* The problem
Print only the line with "Pedro Cardoso é campeão do TCR South America" and the lines after it, ending with the last line of the material, each exactly as it stands.
● ● ● ● ●
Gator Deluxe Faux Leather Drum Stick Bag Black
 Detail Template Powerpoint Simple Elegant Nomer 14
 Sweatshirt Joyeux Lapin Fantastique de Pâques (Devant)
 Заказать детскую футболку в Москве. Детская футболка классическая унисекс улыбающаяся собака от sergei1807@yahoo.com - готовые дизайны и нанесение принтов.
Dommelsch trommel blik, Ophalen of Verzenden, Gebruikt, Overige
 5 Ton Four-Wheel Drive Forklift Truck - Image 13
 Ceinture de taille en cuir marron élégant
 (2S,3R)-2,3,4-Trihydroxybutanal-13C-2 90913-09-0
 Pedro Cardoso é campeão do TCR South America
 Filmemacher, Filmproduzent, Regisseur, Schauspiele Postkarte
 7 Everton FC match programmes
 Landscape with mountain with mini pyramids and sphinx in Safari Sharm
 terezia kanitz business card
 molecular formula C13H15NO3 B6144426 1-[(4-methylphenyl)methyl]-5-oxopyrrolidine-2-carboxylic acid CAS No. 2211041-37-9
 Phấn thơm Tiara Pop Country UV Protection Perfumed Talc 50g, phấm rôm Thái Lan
● ● ● ● ●
* Solution
 Pedro Cardoso é campeão do TCR South America
 Filmemacher, Filmproduzent, Regisseur, Schauspiele Postkarte
 7 Everton FC match programmes
 Landscape with mountain with mini pyramids and sphinx in Safari Sharm
 terezia kanitz business card
 molecular formula C13H15NO3 B6144426 1-[(4-methylphenyl)methyl]-5-oxopyrrolidine-2-carboxylic acid CAS No. 2211041-37-9
 Phấn thơm Tiara Pop Country UV Protection Perfumed Talc 50g, phấm rôm Thái Lan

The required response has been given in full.